If you know your car's engine will die sometime within the next 15,000 miles, you know you need to start saving up immediately, but b/c you don't know when in the next 15,000 miles you have to rush your saving.
If you have no idea when your car's engine is going to die, you are likely to end up dead engine and little to no savings.
The real reason insurance is high is because of fraudulent claim risk. Hurricanes themselves are more or less a solved problem in Florida. That data is useless.
Year-over-year, economic impacts and disruptions due to tropical cyclones are dramatically rising. Most of this is an exposure issue. But long-tail events - like Andrew's utter devastation of Homestead in 1992 or Katrina's unique confluence of storm surge in urban/suburban parishes in LA - can and do happen.
One day, there will be another Galveston or Homestead.

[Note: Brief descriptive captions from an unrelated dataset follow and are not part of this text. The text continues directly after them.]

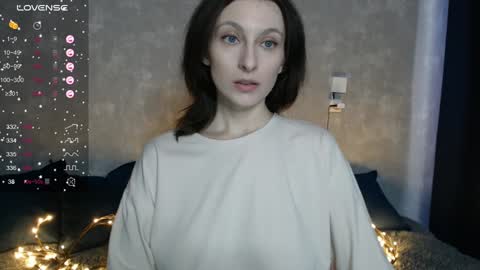 Snapshot of effy_gray chatting on January 19, 6:09 am Anna online show from January 19, 6:09 am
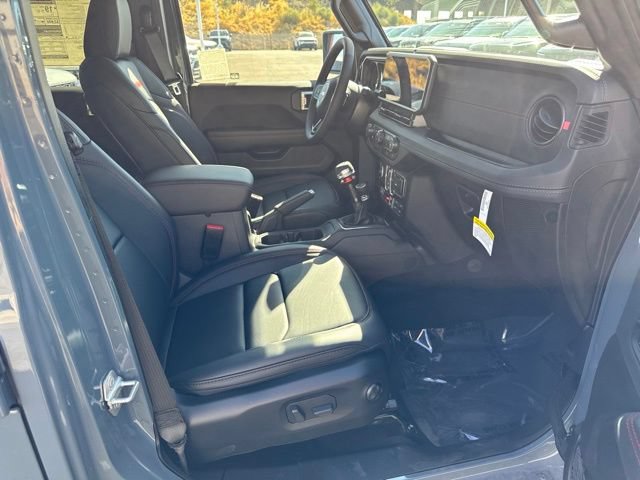 New 2026 Jeep Wrangler Unlimited Rubicon AWD/4WD image 26
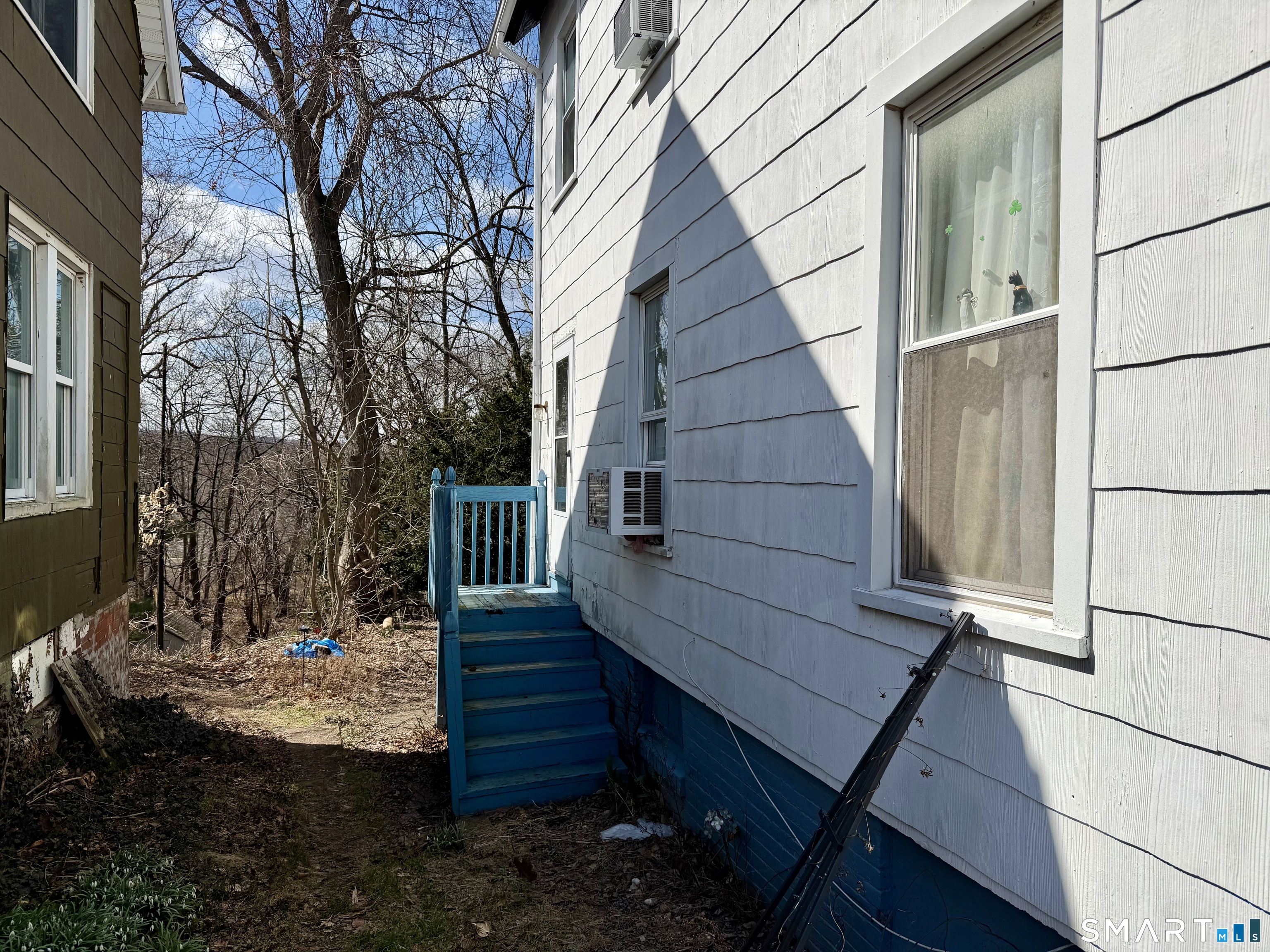 103 Prospect Street Middletown, CT 06457 - Photo 9 of 28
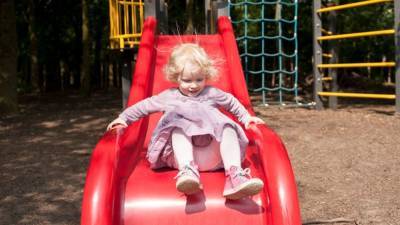 Мама вызвала споры после признания, что оставила 3-летнюю дочь одну в парке - rbnews.uk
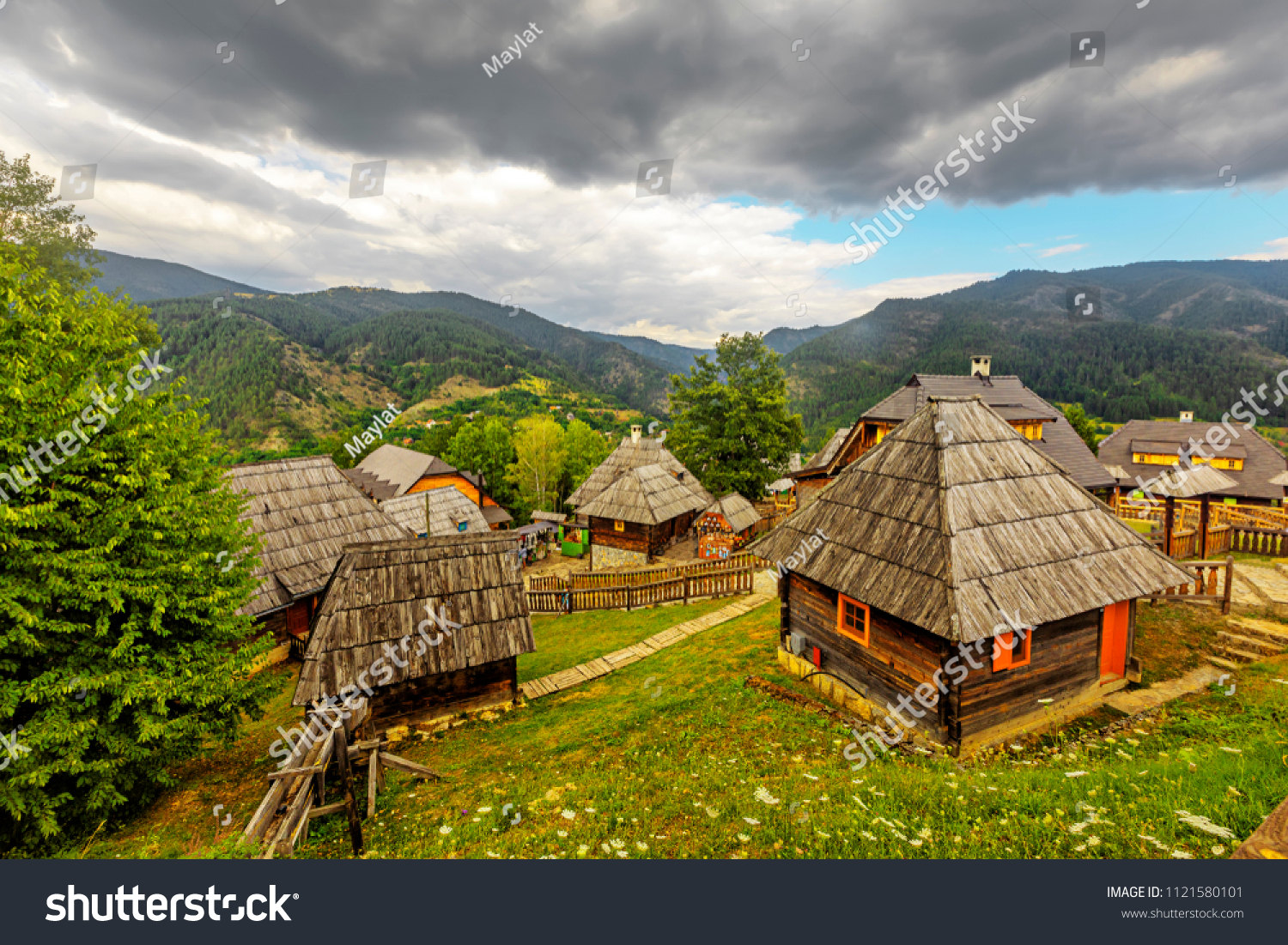 セルビアのザラティバーのモクラゴラの近くにあるエトノ村 の写真素材 今すぐ編集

I sincerely hope you're right, but there is plenty of evidence suggesting that this will not be the case, owing to a multitude of factors:
- not all housing stock is <30 years old and has been properly retrofitted to meet state specs
- the climates around the Gulf, which tend to be more humid, can lead to premature degradation of things like strengthened anchor bolts and roof attachments
- there continue to be immense factors related to cost and time-to-build which provide significant negative pressure towards cutting corners and minimum-compliance which may mitigate some of the attendant benefits of strengthened building codes
An event like Andrew _is the selection event_ that you're referring to.